Information supplied:
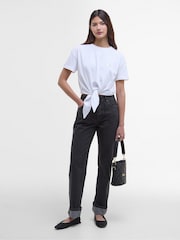 Barbour® International Soules Tie front 100% Cotton White T-Shirt - Image 4 of 7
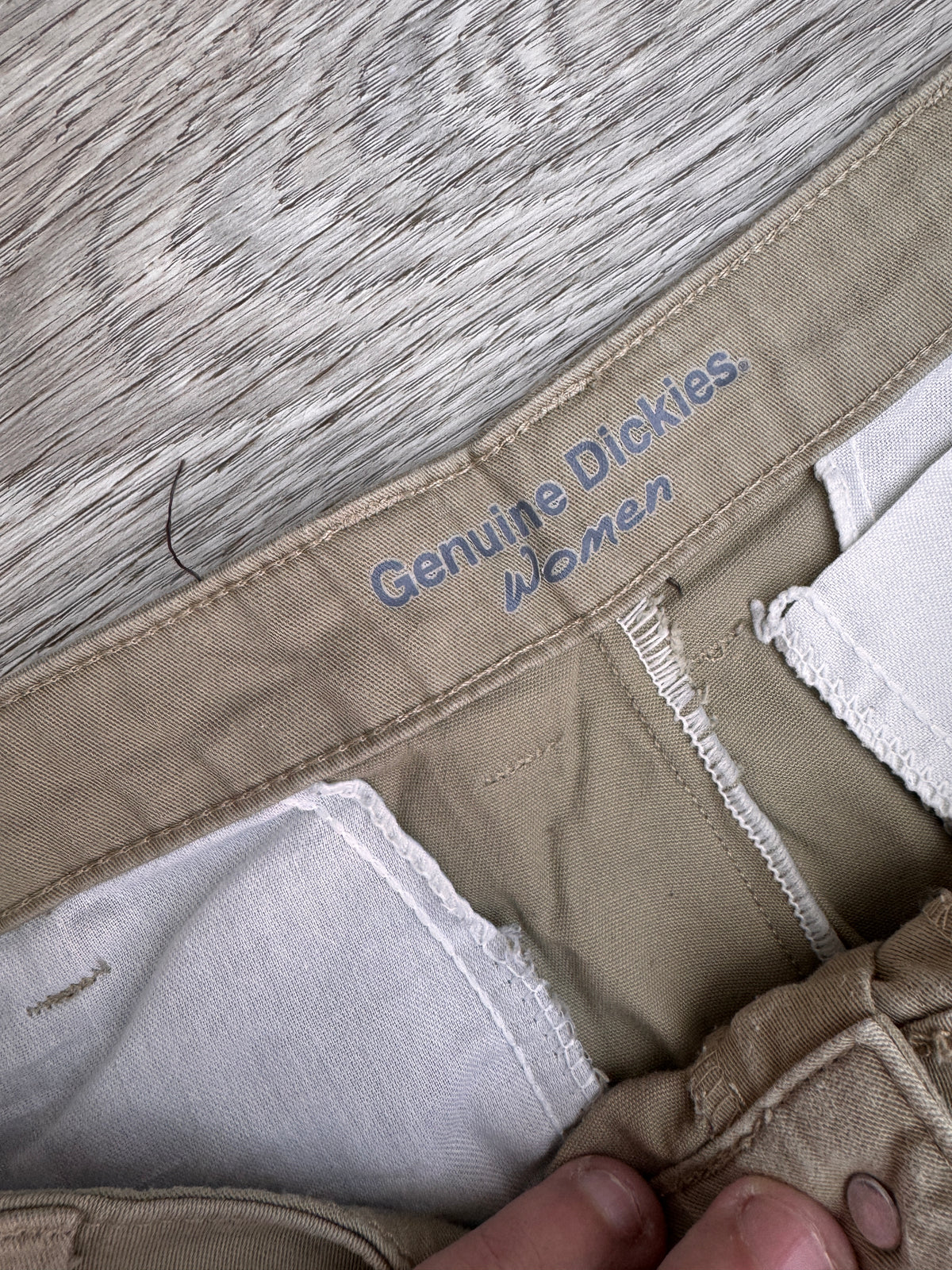 Dickies Womens Relaxed Fit Chino Trousers Beige Stone Workwear W 38 L 28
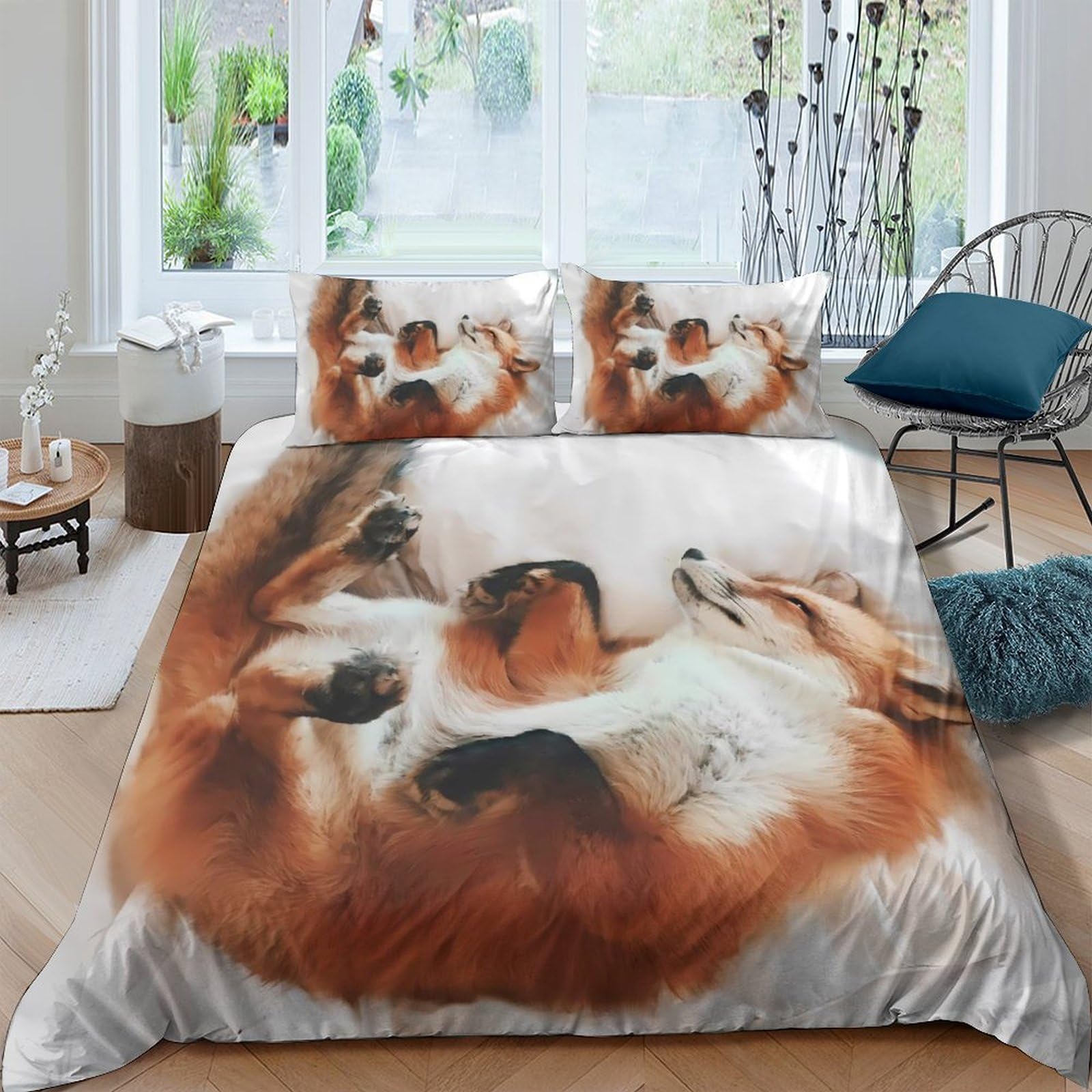 GPLZQXKJNH 3D Printed Fox Animal Duvet Cover Microfiber Soft Breathable Forest Bedding Set with 2 Pillowcases for Bedroom Decor, Single（135x200cm）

Problem requirements: Skipping the images, write out the whole listing exactly.

Problem solution:
 Barbour® International Soules Tie front 100% Cotton White T-Shirt - Image 4 of 7
 Dickies Womens Relaxed Fit Chino Trousers Beige Stone Workwear W 38 L 28
 GPLZQXKJNH 3D Printed Fox Animal Duvet Cover Microfiber Soft Breathable Forest Bedding Set with 2 Pillowcases for Bedroom Decor, Single（135x200cm）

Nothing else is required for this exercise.